* **Data for analysis**
━━━━━━━━━━━━━━━━━━━━━━━━━━━━━━
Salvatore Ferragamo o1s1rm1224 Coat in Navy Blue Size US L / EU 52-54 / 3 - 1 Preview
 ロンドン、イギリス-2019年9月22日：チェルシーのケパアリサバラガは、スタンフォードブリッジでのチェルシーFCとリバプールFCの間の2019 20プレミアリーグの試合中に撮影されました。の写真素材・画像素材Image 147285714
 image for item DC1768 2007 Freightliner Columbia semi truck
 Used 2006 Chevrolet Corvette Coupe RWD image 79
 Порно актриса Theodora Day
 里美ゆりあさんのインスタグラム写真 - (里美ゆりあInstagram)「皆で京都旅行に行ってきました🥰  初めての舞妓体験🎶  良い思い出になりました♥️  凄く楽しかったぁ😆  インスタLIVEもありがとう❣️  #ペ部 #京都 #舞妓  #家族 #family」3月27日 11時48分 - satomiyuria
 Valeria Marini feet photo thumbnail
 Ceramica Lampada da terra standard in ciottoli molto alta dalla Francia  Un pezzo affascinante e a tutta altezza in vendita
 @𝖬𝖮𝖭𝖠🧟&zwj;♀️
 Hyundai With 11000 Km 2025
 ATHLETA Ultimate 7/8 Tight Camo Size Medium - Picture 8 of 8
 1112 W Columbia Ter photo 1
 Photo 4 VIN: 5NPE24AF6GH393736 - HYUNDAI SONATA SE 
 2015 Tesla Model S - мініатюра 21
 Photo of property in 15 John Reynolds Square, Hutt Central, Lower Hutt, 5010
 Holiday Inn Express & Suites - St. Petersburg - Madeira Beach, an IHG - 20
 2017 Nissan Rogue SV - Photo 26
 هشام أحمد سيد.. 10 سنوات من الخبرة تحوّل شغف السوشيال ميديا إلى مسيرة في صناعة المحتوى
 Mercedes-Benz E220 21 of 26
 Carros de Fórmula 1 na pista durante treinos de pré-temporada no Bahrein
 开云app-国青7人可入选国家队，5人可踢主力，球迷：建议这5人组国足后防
━━━━━━━━━━━━━━━━━━━━━━━━━━━━━━
The expected answer is an exact copy of the lines beginning at the one with "Hyundai With 11000 Km 2025" and running to the end of the entries above.

* **Answer space**
 Hyundai With 11000 Km 2025
 ATHLETA Ultimate 7/8 Tight Camo Size Medium - Picture 8 of 8
 1112 W Columbia Ter photo 1
 Photo 4 VIN: 5NPE24AF6GH393736 - HYUNDAI SONATA SE 
 2015 Tesla Model S - мініатюра 21
 Photo of property in 15 John Reynolds Square, Hutt Central, Lower Hutt, 5010
 Holiday Inn Express & Suites - St. Petersburg - Madeira Beach, an IHG - 20
 2017 Nissan Rogue SV - Photo 26
 هشام أحمد سيد.. 10 سنوات من الخبرة تحوّل شغف السوشيال ميديا إلى مسيرة في صناعة المحتوى
 Mercedes-Benz E220 21 of 26
 Carros de Fórmula 1 na pista durante treinos de pré-temporada no Bahrein
 开云app-国青7人可入选国家队，5人可踢主力，球迷：建议这5人组国足后防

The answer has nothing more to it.